I. Jury Instruction Re Sharp Instrument

Defendant contends the trial court erred by instructing the jury, over defense objection, that, "A sharp instrument is an instrument that can be used to inflict injury and that is not necessary for the inmate to have in his possession." Defendant contends the instruction (and the prosecutor's use of that instruction in argument to the jury) allowed the jury to find defendant guilty without finding the instrument was sharp. We shall conclude that, while the instruction did not -- as defendant suggests -- state that a sharp instrument is "any" instrument that can be used to inflict injury (etc.), the instruction created an ambiguity which the trial court expressly allowed to be exploited by the prosecutor, who argued to the jurors that they could find defendant guilty without finding the item was "sharp" by the common definition of the term. Accordingly, we shall conclude prejudicial instructional error requires reversal of the judgment.

The trial court based this instruction on our opinion in Custodio, supra, 73 Cal.App.4th 807, and on the fact that the Bench Notes to the standard instruction concerning section 4502 -- California Judicial Council Criminal Jury instructions (CALCRIM) No. 2745*fn4 -- state, "If the prosecution alleges that the defendant possessed a "sharp instrument,' the court may consider People v. Custodio[, supra,] 73 Cal.App.4th 807, 813." (Bench Notes to CALCRIM No. 2745 (2008) p. 659.)

However, while the trial court's effort was reasonable in light of the CALCRIM Bench Notes, ""it is dangerous to frame an instruction upon isolated extracts from the opinions of the court.'" (People v. Cavitt (2004) 33 Cal.4th 187, 202.)

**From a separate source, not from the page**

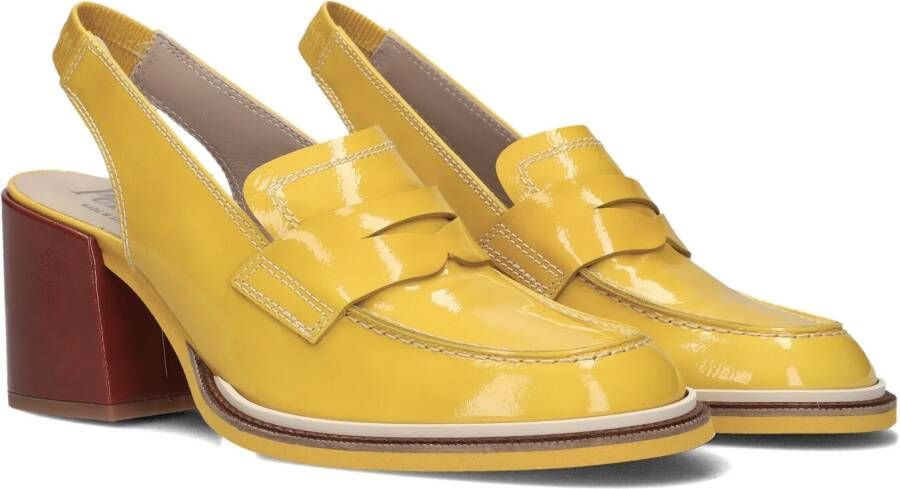 PERTINI Slingbacks Dames 32578 Maat: 39 5 Materiaal: Leer Kleur: Geel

In Custodio, which did not even involve jury instructions, we did not hold or even suggest that "sharp instrument" should be defined for the jury as an instrument that can be used to inflict injury and is unnecessary for the inmate to have. Rather, we rejected a defendant's argument that "sharp instrument" in section 4502 is unconstitutionally vague on its face and as applied. (Id. at p. 811.) Correctional officers found in the defendant's cell "a plastic barrel of a ballpoint pen with a piece of metal like a sewing machine needle sticking out of it. An expert opined that the object was "very capable of being used as a weapon' because the metal was extremely stiff, had been affixed by melting the plastic of the pen barrel, and the entire object had a tapered shape so that "once it starts, there is nothing going to stop it from going as hard as one . . . push[es] it.'" (Id. at p. 810.) The defendant said the item was a "cup pick" used for artistic talents to engrave his cup and sunglasses. (Ibid.)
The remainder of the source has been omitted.